If the indemnification provided for herein is unavailable or insufficient to hold harmless an Indemnified Party, then the Servicer agrees that it shall contribute to the amount paid or payable by such Indemnified Party as a result of any claims, losses, damages or liabilities incurred by such Indemnified Party in such proportion as is appropriate to reflect the relative fault of such Indemnified Party on the one hand and the Servicer on the other.
In the case of any failure of performance described in clause (a)(ii) of this Section, the Seller shall promptly reimburse the Purchaser, any Depositor, as applicable, and each Person responsible for the preparation, execution or filing of any report required to be filed with the Commission with respect to such Securitization Transaction, or for execution of a certification pursuant to Rule 13a-14(d) or Rule 15d-14(d) under the Exchange Act with respect to such Securitization Transaction, for all costs reasonably incurred by each such party in order to obtain the information, report, certification, accountants’ letter or other material not delivered as required by the Seller, any Subservicer, any Subcontractor or any Third-Party Originator.
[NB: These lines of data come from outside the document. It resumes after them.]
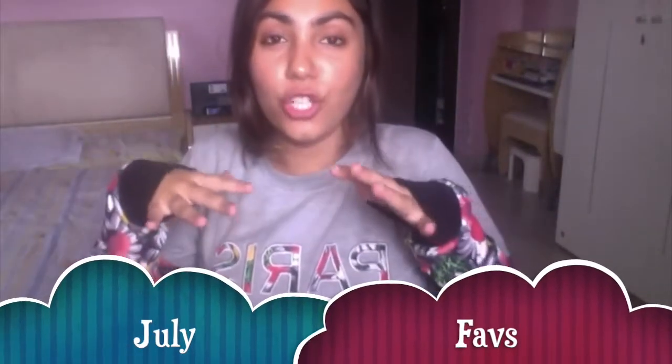Hello everybody and welcome back to my channel! Today I'll be filming my July favorites, where I'm going to show you all the things I've been loving this month. So without further ado, let's get started.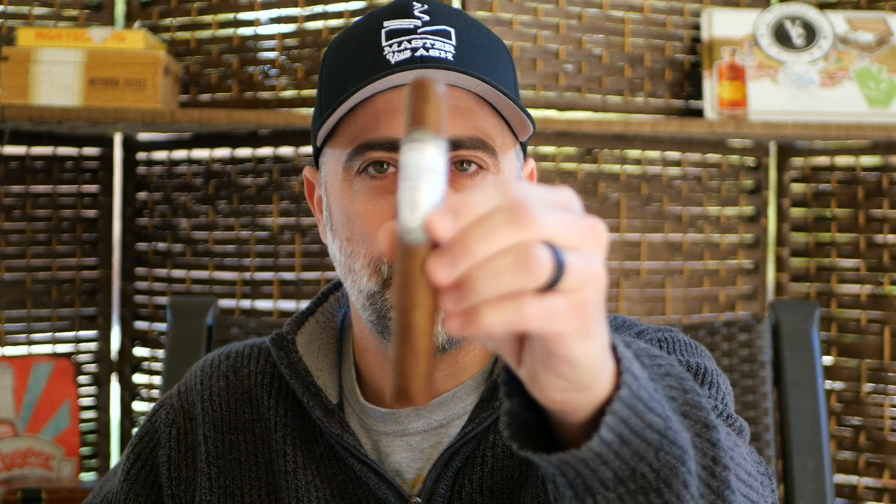Welcome back to Master Your Ash. I'm your host Michael Prisdale. Today I'll be smoking the West Tampa White Series Toro.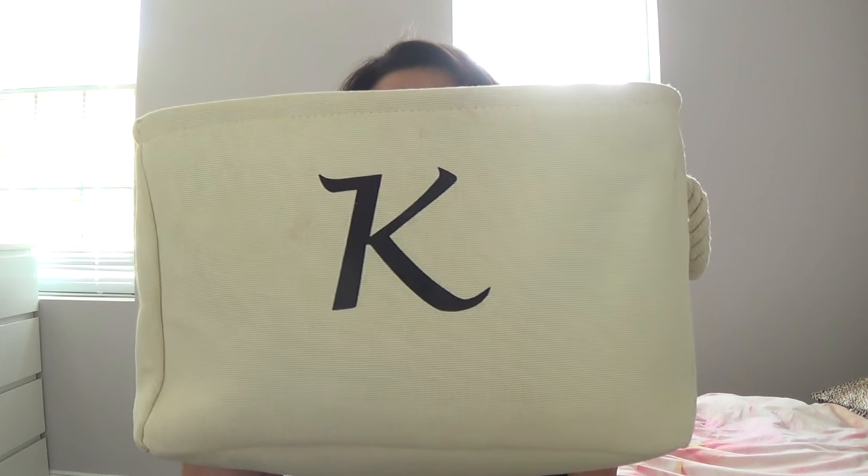Hi YouTube and welcome back to my channel. Today's video is going to be an empties video, and you all know how much I love filming these types of videos. They are my all-time favorites to film because I get a ton of positive feedback from you guys letting me know that you really enjoy listening to my mini reviews. All my empties are in my empties bin, which I picked up at TJ Maxx, Marshalls, or HomeGoods — very handy so I don't accidentally throw away my empties before they make it into a video.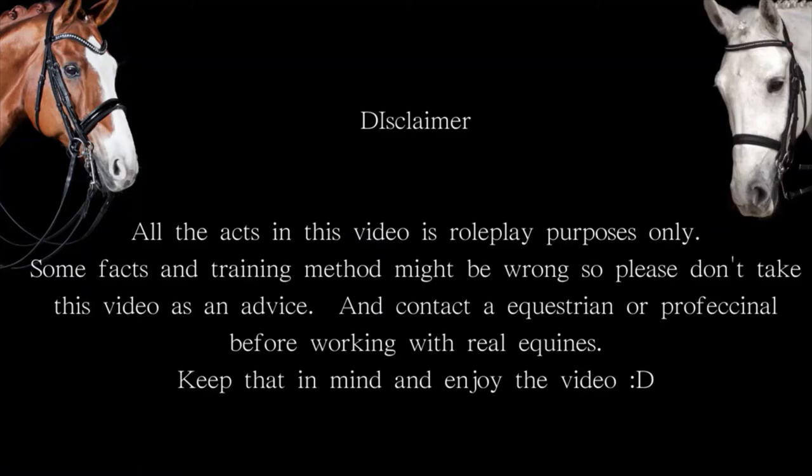Disclaimer: all the acts in the video are for roleplay purposes only. Some facts and training methods might be wrong, so please don't take this video as advice. Contact an equestrian professional before working with real equines. Keep that in mind, enjoy the video, and please stay safe.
This indemnification shall survive the termination of this Agreement or the termination of any party to this Agreement.
(b)
(i)
Any failure by the Servicer, any Subservicer, any Subcontractor or any Third-Party Originator to deliver any information, report, certification, accountants’ letter or other material when and as required under this Section 13A, or any breach by the Seller of a representation or warranty set forth in Subsection 13A.02(a) or in a writing furnished pursuant to Subsection 13A.02(b) and made as of a date prior to the closing date of the related Securitization Transaction, to the extent that such breach is not cured by such closing date, or any breach by the Seller of a representation or warranty in a writing furnished pursuant to Subsection 13A.02(b) to the extent made as of a date subsequent to such closing date, shall, except as provided in clause (ii) of this paragraph, immediately and automatically, without notice or grace period, constitute an Event of Default with respect to the Seller under this Agreement and any applicable Reconstitution Agreement, and shall entitle the Purchaser, any Master Servicer or any Depositor, as applicable, in its sole discretion to terminate the rights and obligations of the Servicer under this Agreement and/or any applicable Reconstitution Agreement without payment (notwithstanding anything in this Agreement or any applicable Reconstitution Agreement to the contrary) of any compensation to the Seller (and if the Servicer is servicing any of the Mortgage Loans in a Securitization Transaction, appoint a successor servicer reasonably acceptable to any Master Servicer for such Securitization Transaction); provided that to the extent that any provision of this Agreement and/or any applicable Reconstitution Agreement expressly provides for the survival of certain rights or obligations following termination of the Seller as servicer, such provision shall be given effect.
(ii)
Any failure by the Servicer, any Subservicer or any Subcontractor to deliver any information, report, certification or accountants’ letter when and as required under Subsections 13A.04 or 13A.05, including (except as provided in the next paragraph) any failure by the Seller to identify pursuant to Subsection 13A.06(b) any Subcontractor “participating in the servicing function” within the meaning of Item 1122 of Regulation AB, which continues unremedied for ten (10) calendar days after the date on which such information, report, certification or accountants’ letter was required to be delivered shall constitute an Event of Default with respect to the Seller under this Agreement and any applicable Reconstitution Agreement, and shall entitle the Purchaser, any Master Servicer or any Depositor, as applicable, in its sole discretion to terminate the rights and obligations of the Seller as servicer under this Agreement and/or any applicable Reconstitution Agreement without payment (notwithstanding anything in this Agreement to the contrary) of any compensation to the Seller; provided that to the extent that any provision of this Agreement and/or any applicable Reconstitution Agreement expressly provides for the survival of certain rights or obligations following termination of the Seller as servicer, such provision shall be given effect.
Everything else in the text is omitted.